Spend through bargain stores soared by 17% to £5bn in the past year as stores expanded into new categories including fruit and vegetables and packaged groceries, new Nielsen retail performance data reveals.
More than two million households shopped in bargain stores, such as Poundland, Home Bargains and B&M, for the first time, with 52% of households having purchased from Poundland alone.
Bargain stores are now shopped by 78% of British households, making them even more popular than the discounters Aldi and Lidl, who are visited by 75% of households.
Nielsen’s UK head of retailer and business insight Mike Watkins said: “The rising spend at bargain stores is driven by two things: The huge rise in first-time visitors and, more importantly from a long-term perspective, shoppers buying a larger repertoire of products from bargain stores – some of which they previously bought from mainstream retailers.”
Among everyday grocery items purchased at bargain stores, household goods, packaged grocery, confectionery and health and beauty products are the most popular, accounting for 63% of bargain store grocery sales.
Fruit and vegetables have seen the biggest rise in popularity, albeit from a small base, over the last year in terms of number of shoppers and frequency of purchase.

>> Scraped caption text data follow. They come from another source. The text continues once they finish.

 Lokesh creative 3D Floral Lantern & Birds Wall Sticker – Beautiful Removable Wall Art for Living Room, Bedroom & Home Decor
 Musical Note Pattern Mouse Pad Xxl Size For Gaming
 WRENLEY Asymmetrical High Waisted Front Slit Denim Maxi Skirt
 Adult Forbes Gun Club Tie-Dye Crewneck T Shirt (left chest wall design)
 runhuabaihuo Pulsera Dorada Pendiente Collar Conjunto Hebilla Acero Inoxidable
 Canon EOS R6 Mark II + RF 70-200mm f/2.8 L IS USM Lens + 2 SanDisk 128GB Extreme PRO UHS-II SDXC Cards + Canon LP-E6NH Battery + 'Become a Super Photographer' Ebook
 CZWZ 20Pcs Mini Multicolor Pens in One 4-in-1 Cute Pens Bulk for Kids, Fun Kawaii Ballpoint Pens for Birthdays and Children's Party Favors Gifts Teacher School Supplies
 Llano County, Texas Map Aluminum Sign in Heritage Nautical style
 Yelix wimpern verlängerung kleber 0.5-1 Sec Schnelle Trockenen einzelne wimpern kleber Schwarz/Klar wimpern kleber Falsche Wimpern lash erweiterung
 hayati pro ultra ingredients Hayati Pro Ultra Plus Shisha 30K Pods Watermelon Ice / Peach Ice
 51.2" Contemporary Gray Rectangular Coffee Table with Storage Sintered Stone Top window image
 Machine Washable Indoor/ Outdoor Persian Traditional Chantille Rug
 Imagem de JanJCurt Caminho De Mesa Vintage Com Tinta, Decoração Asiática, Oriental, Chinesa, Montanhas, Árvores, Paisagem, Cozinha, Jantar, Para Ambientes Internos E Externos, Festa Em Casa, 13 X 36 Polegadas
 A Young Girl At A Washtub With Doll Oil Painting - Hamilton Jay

“People are starting to visit for their regular grocery staples and more experienced bargain store shoppers are becoming interested in adding fresh produce to their repertoire.
“This is similar to what we saw some years ago with Aldi and Lidl who initially attracted shoppers with special buys for non-food items and low prices on groceries,” Watkins added.
The growth in sales has also been driven by bargain stores moving beyond just the £1 price tag, which Watkins says, “resonates well with shoppers because removing the £1 ‘straitjacket’ allows stores to offer good value across a much wider range of products, which makes for bigger baskets and more expensive trips.”
Almost one in four items sold in bargain stores now cost more than £1.
Around 31% of the increased annual amount Britons spent at bargain stores came from people shifting spend away from supermarkets and health and beauty retailers, with the top four supermarkets “the most affected by this switching” according to the data.